» EXTRACTED MATERIAL
━━━━━━

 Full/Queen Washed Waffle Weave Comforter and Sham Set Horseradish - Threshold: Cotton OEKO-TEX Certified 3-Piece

━━━━━━

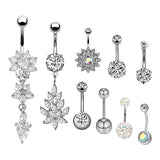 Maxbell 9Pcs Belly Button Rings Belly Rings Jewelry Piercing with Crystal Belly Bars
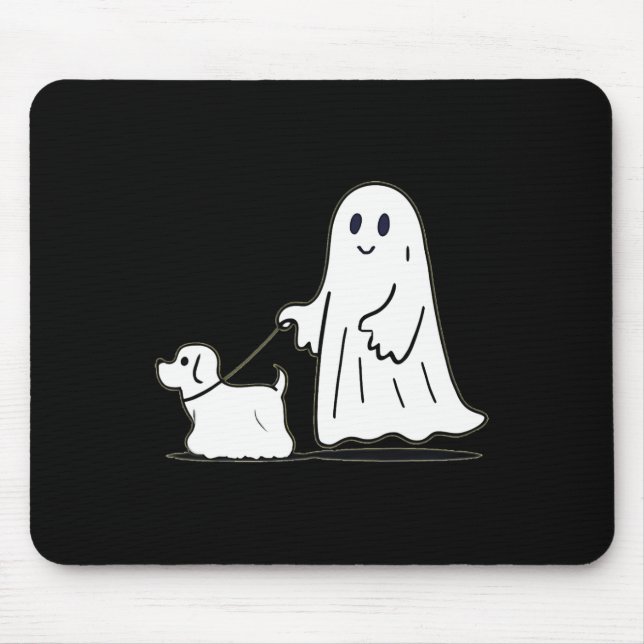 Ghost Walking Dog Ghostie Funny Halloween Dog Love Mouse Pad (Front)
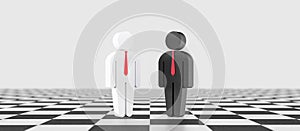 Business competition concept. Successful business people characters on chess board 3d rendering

━━━━━━

» EXERCISE GOAL
In the records above, everything from the line with "Maxbell 9Pcs Belly" down to the line with "Business competition concept." must be duplicated exactly, both lines kept. Leave no pictures in.

» SOLUTION FOR THIS PROBLEM
 Maxbell 9Pcs Belly Button Rings Belly Rings Jewelry Piercing with Crystal Belly Bars
 Ghost Walking Dog Ghostie Funny Halloween Dog Love Mouse Pad (Front)
 Business competition concept. Successful business people characters on chess board 3d rendering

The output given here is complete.